Could you retype only the lines from the one containing "Inorganic Chemistry 19th Edition" through the final line of the entries, both included, skipping any images?

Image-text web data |
━━━━━━
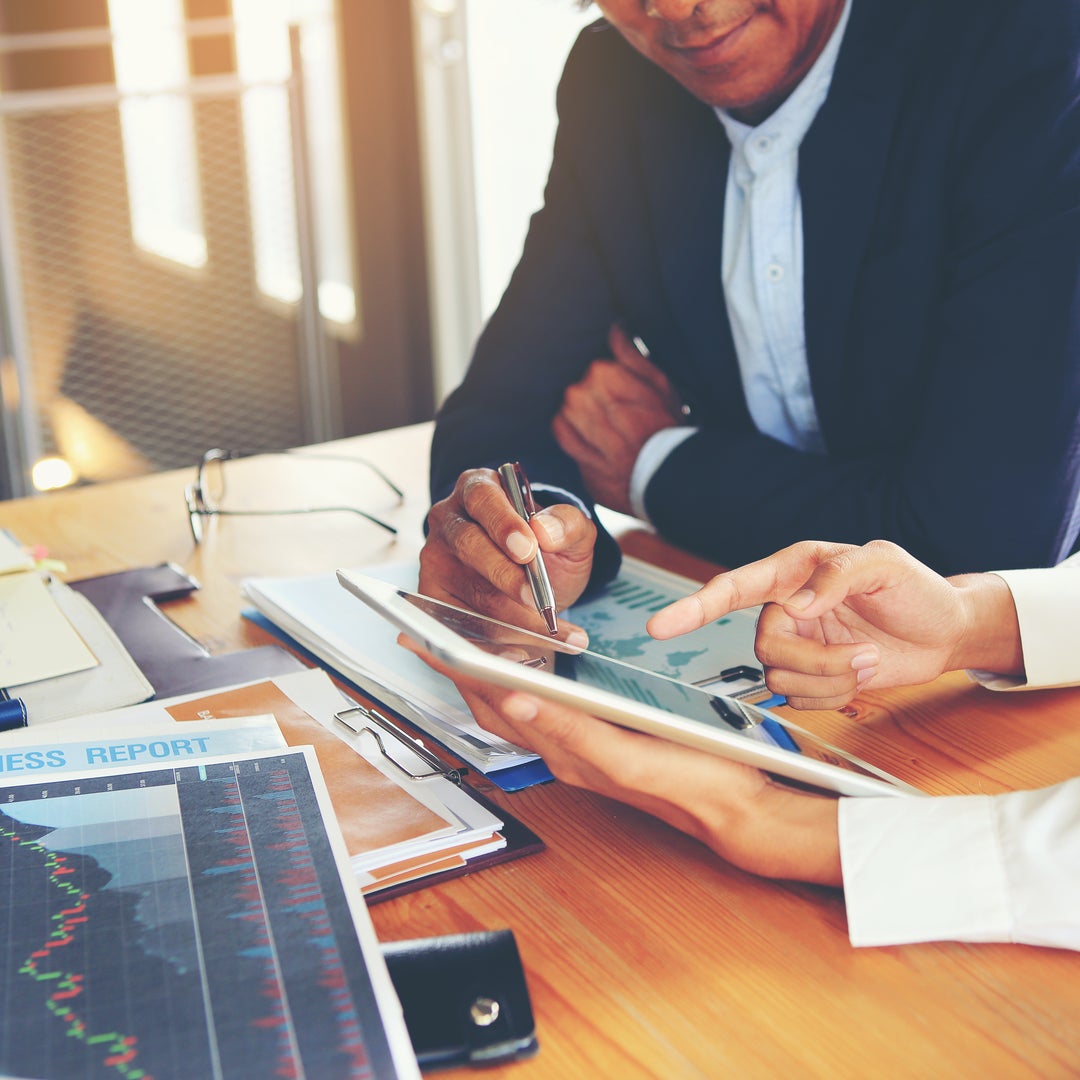 Image of Low-risk investments are considered safer than others, so mixing these into your portfolio may help you ride out volatility in the market. 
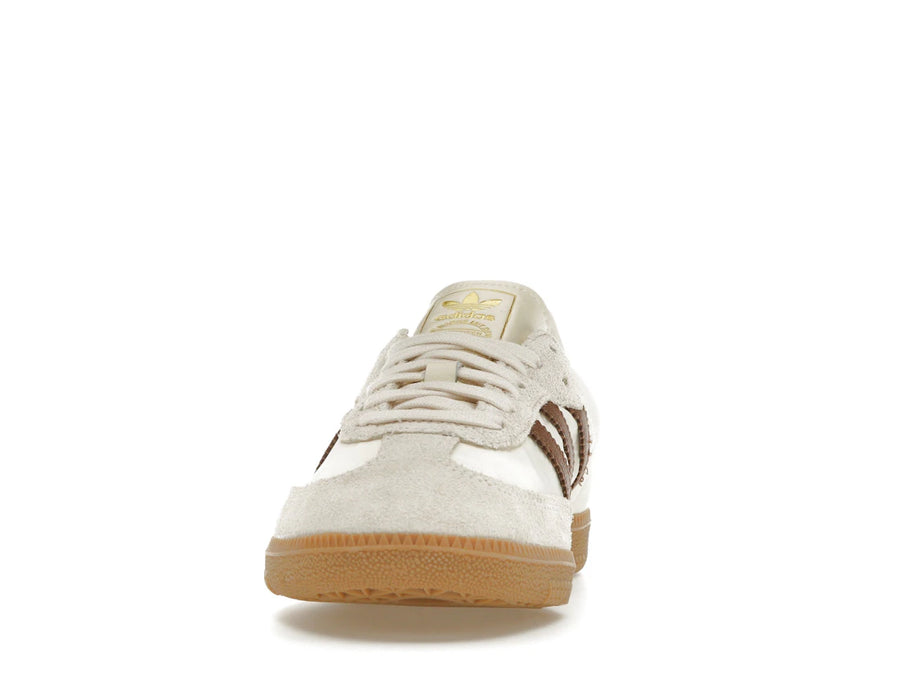 adidas Samba OG Cream White Preloved Brown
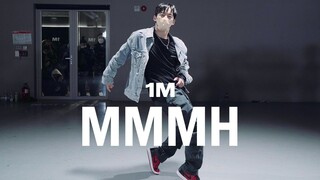 【1M】Kooyoung Back编舞《Mmmh》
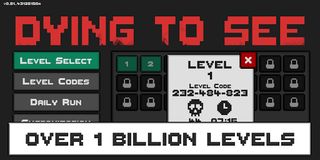 Dying To See - Screenshot 1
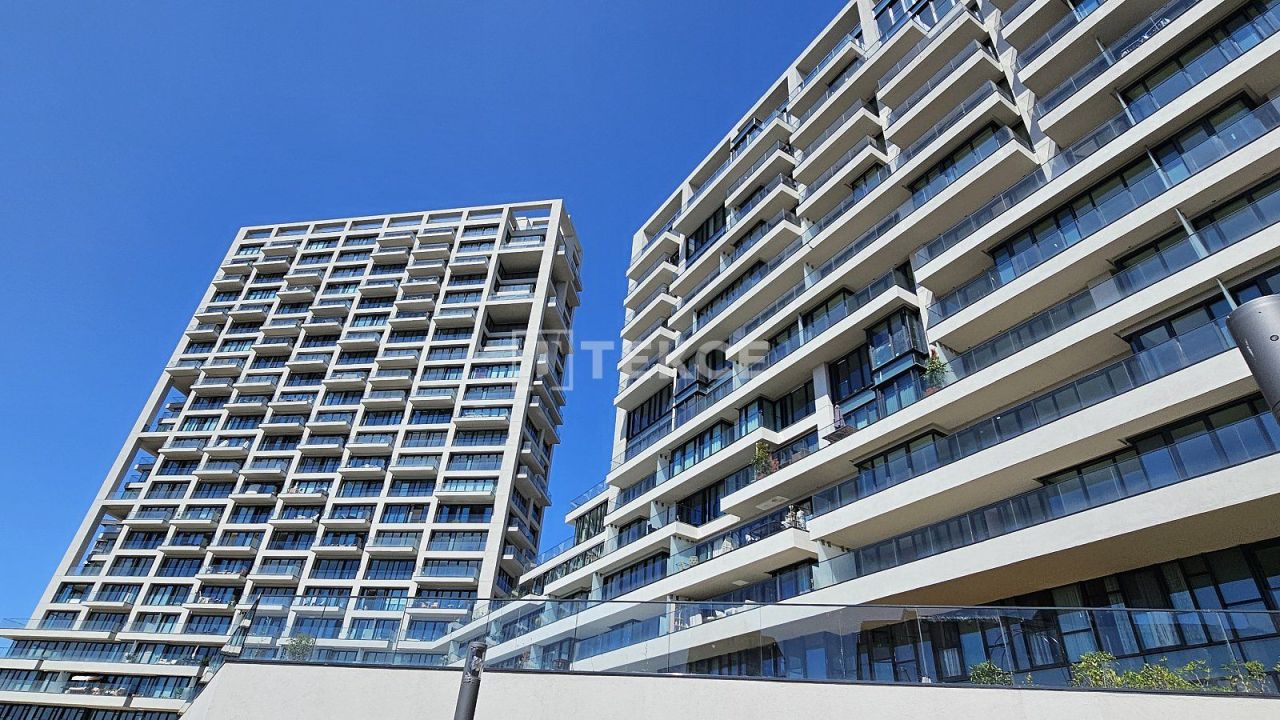 Apartment in Maltepe, Türkei, 179 m² - Foto 4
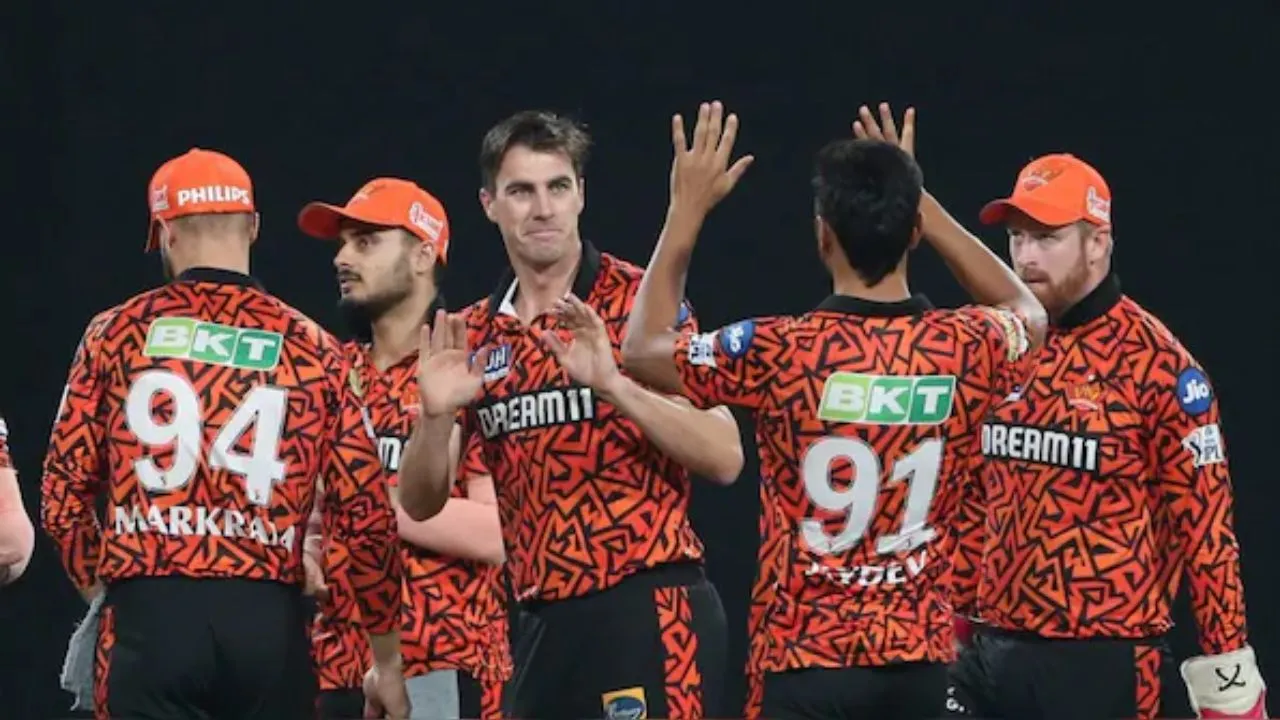 Sunrisers Hyderabad SRH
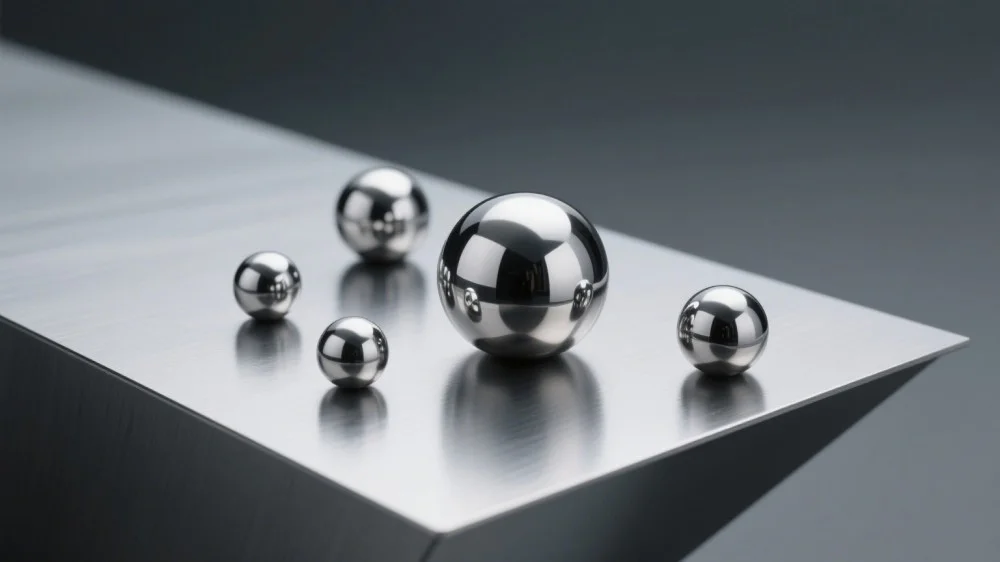 Chrome Steel Ball
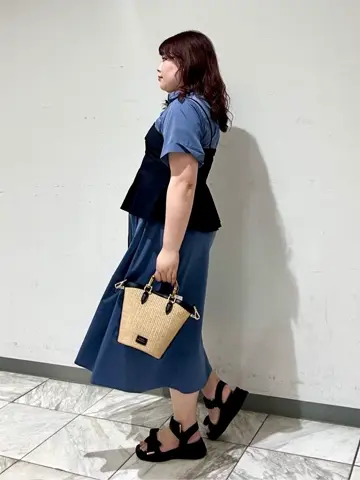 23区 L 田邊 コーディネート画像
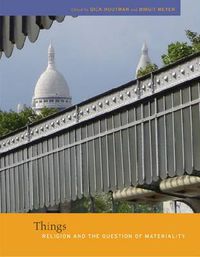 Cover image for Things: Religion and the Question of Materiality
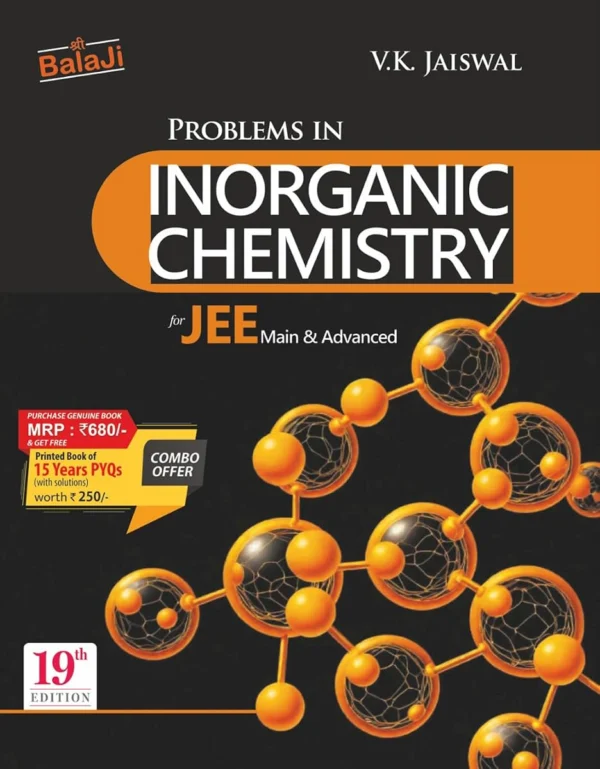 Inorganic Chemistry 19th Edition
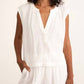 Z Supply - Cliffside V-neck Airy Top
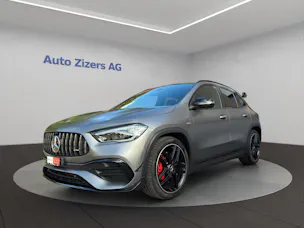 MERCEDES-BENZ GLA 45 AMG 4Matic+ 8G-Speedshift DCT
━━━━━━
EXERCISE ANSWER |
 Inorganic Chemistry 19th Edition
 Z Supply - Cliffside V-neck Airy Top
 MERCEDES-BENZ GLA 45 AMG 4Matic+ 8G-Speedshift DCT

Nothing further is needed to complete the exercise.